Baker v. Bennett M. Lifter, Inc.

370 So. 2d 41, 1979 Fla. App. LEXIS 14887
CourtDistrict Court of Appeal of Florida
DecidedApril 10, 1979
DocketNo. 78-1437
StatusPublished

This text of 370 So. 2d 41 (Baker v. Bennett M. Lifter, Inc.) is published on Counsel Stack Legal Research, covering District Court of Appeal of Florida primary law. Counsel Stack provides free access to over 12 million legal documents including statutes, case law, regulations, and constitutions.

Bluebook
Baker v. Bennett M. Lifter, Inc., 370 So. 2d 41, 1979 Fla. App. LEXIS 14887 (Fla. Ct. App. 1979).

Opinion

SCHWARTZ, Judge.

The plaintiff appeals from an adverse summary judgment in an action for breach of an “employment” contract under which the plaintiff was to operate the cocktail lounge at the Marco Polo Hotel, which is owned by the defendant-appellee. The basis of the ruling below was stated in the summary judgment as follows:

“. . . paragraph 13 of the agreement in question provides either party with the right to terminate the contract for any reason by giving the other party three (3) days written notice, and . there is no genuine issue of material fact that the Defendant, BENNETT M. LIFTER, INC., elected to terminate the contract in question, . . . ”

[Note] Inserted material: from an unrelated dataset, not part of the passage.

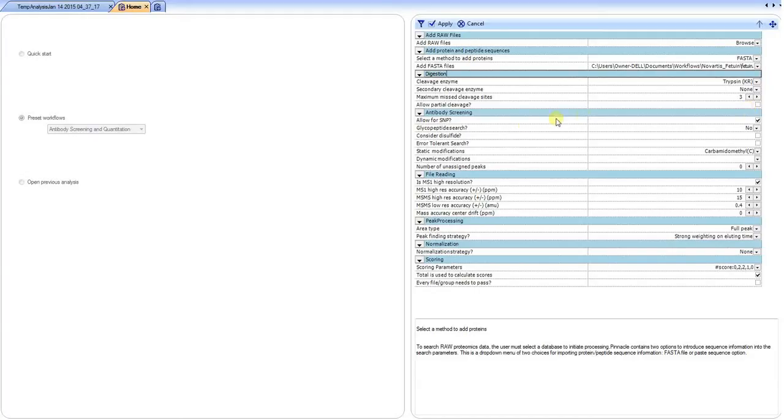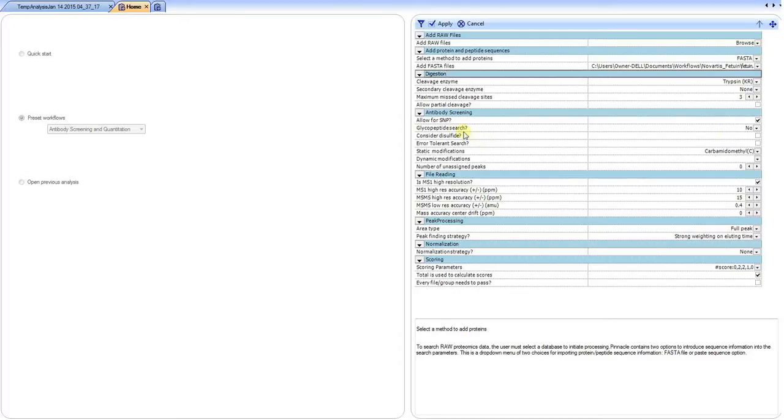Then the specific aspects for the protein screening. In this case we select SNP. For this experiment, we're going to do it without the considerations of N-linked glycopeptides or dynamic modifications.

We reverse because the record demonstrates that although the defendant may have “elected” or desired to terminate the agreement, there remains, at the least, a triable issue as to whether, prior to the alleged breach, it gave Baker the three day written notice required by the terms of the agreement itself. See Bernecker v. Bernecker, 60 So.2d 399 (Fla.1952); Cadillac LaSalle Co. of Palm Beach, Inc. v. Claude Nolan, Inc., 118 Fla. 250, 158 So. 883 (1935); cf. Saul J. Morgan Enterprises, Inc. v. 57th Avenue Development Corp., 305 So.2d 18 (Fla. 3d DCA 1974), cert. denied, 314 So.2d 586 (Fla.1975); 7 Fla.Jur. Contracts § 174 (1956). Since the defendant likewise did not conclusively establish either (a) that the [42]*42written notice requirement had been waived, Ramagli Realty Co. v. Speier, 110 So.2d 71 (Fla. 3d DCA 1959), cf. Thompson v. Gross, 353 So.2d 191 (Fla. 3d DCA 1977); (b) that it had not in fact breached the agreement by interfering with the plaintiff’s ability to perform, Gulf American Land Corp. v. Wain, 166 So.2d 763 (Fla. 3d DCA 1964); or (c) that the plaintiff had sustained no damages as a result of the alleged breach, we conclude that summary judgment was inappropriately entered, Holl v. Talcott, 191 So.2d 40 (Fla.1966); Beckerman v. Greenbaum, 347 So.2d 141, 142 (Fla. 2d DCA 1977); and the cause is therefore remanded for trial.

Reversed and remanded.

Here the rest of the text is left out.